[PROVIDED RECORDS — start]

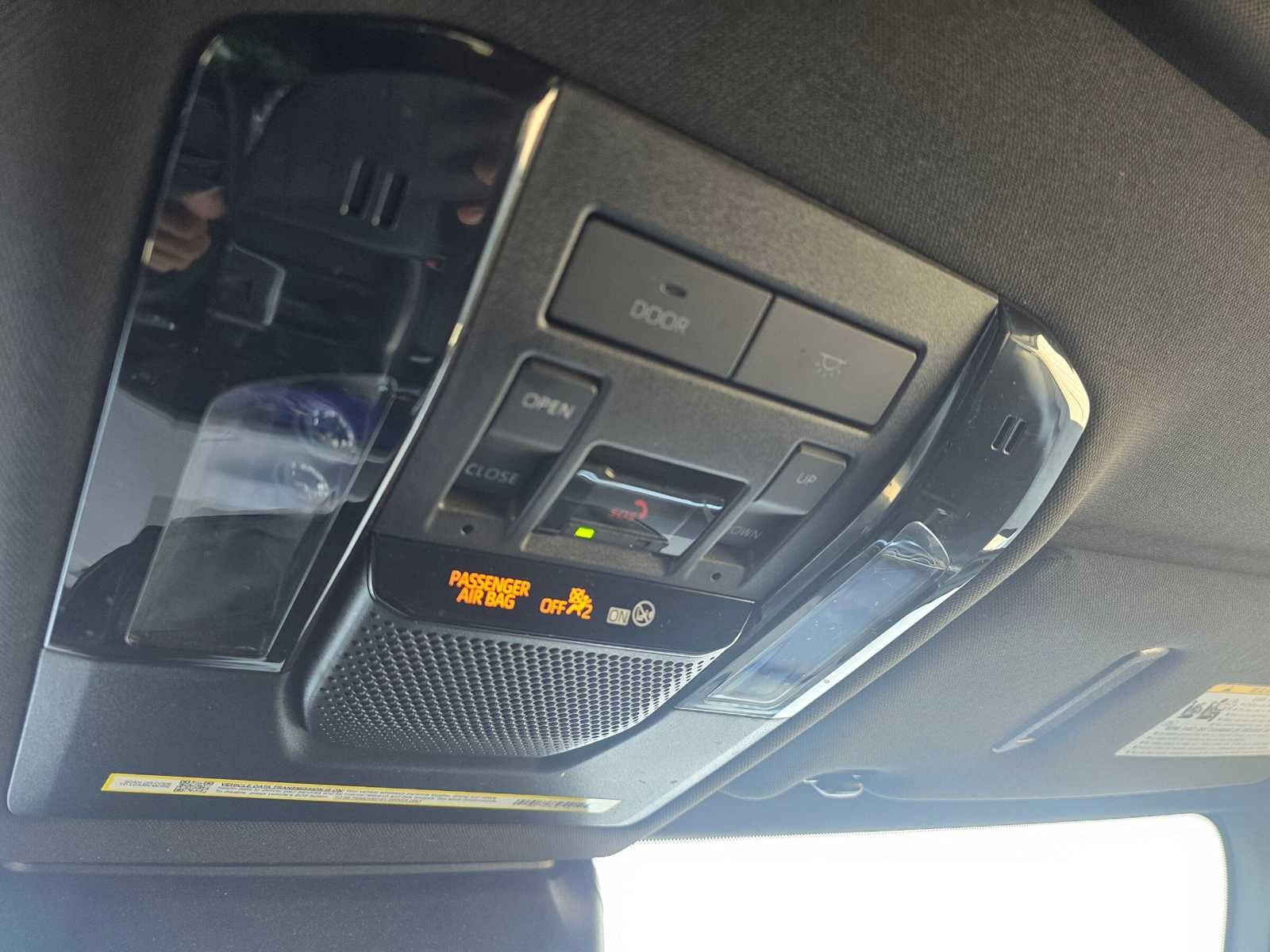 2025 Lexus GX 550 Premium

[PROVIDED RECORDS — finish]
[PROVIDED RECORDS — start]

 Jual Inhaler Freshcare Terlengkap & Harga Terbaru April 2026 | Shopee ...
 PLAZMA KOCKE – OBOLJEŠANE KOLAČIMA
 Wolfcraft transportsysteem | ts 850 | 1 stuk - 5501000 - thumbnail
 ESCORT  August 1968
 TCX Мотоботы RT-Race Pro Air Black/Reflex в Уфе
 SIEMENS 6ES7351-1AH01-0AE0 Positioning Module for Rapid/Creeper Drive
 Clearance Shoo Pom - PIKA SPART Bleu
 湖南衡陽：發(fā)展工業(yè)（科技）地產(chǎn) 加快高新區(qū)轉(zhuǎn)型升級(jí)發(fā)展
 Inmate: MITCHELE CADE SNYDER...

[PROVIDED RECORDS — finish]
[PROVIDED RECORDS — start]

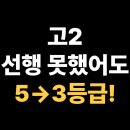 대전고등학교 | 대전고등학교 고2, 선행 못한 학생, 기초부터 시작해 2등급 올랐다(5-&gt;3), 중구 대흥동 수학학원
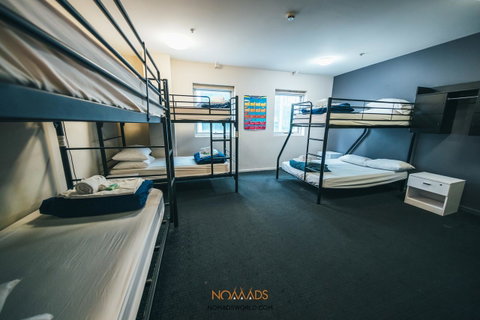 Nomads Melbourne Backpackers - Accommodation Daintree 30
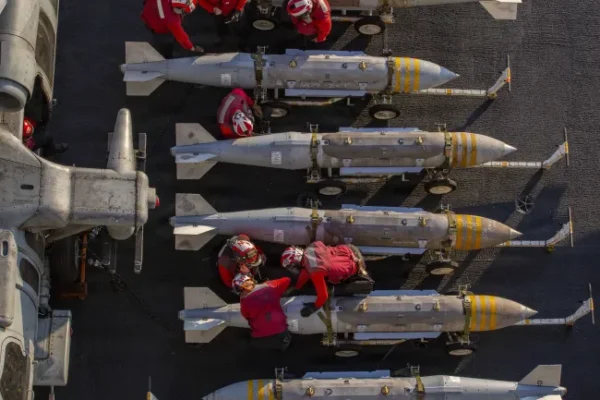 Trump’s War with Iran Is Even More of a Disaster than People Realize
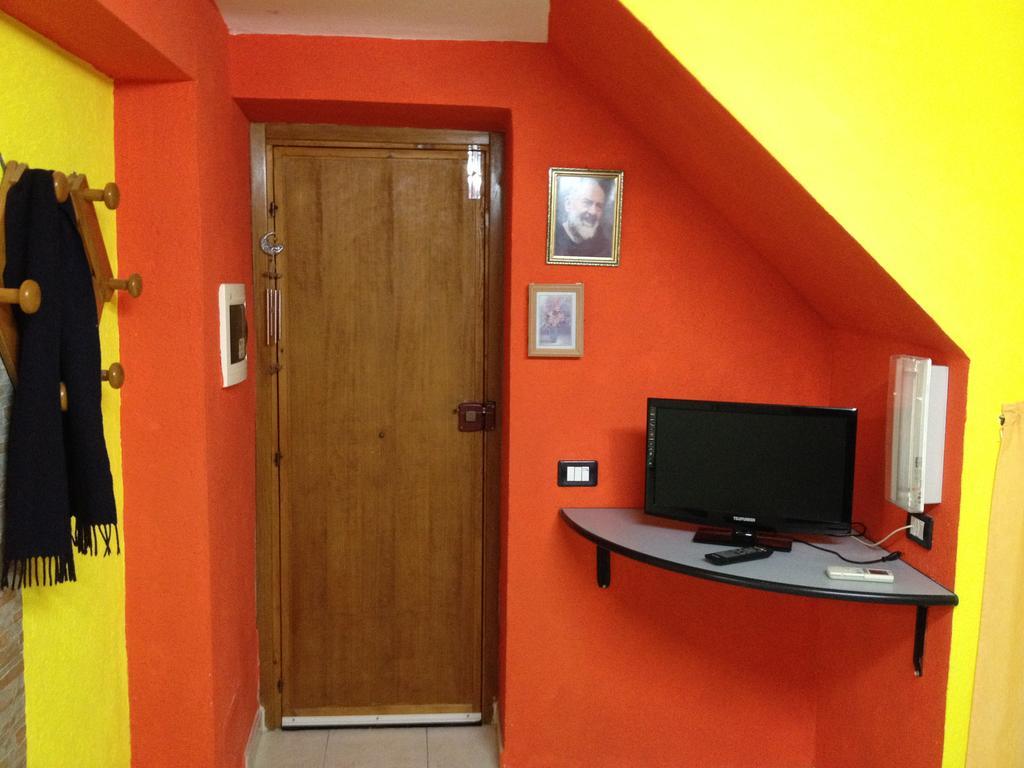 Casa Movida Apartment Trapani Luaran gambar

[PROVIDED RECORDS — finish]

ASSIGNMENT | All that is wanted is an exact copy of the lines above from the one with "TCX Мотоботы RT-Race" through the one with "Inmate: MITCHELE CADE SNYDER...", with both ends included.

RESULT BELOW |
 TCX Мотоботы RT-Race Pro Air Black/Reflex в Уфе
 SIEMENS 6ES7351-1AH01-0AE0 Positioning Module for Rapid/Creeper Drive
 Clearance Shoo Pom - PIKA SPART Bleu
 湖南衡陽：發(fā)展工業(yè)（科技）地產(chǎn) 加快高新區(qū)轉(zhuǎn)型升級(jí)發(fā)展
 Inmate: MITCHELE CADE SNYDER...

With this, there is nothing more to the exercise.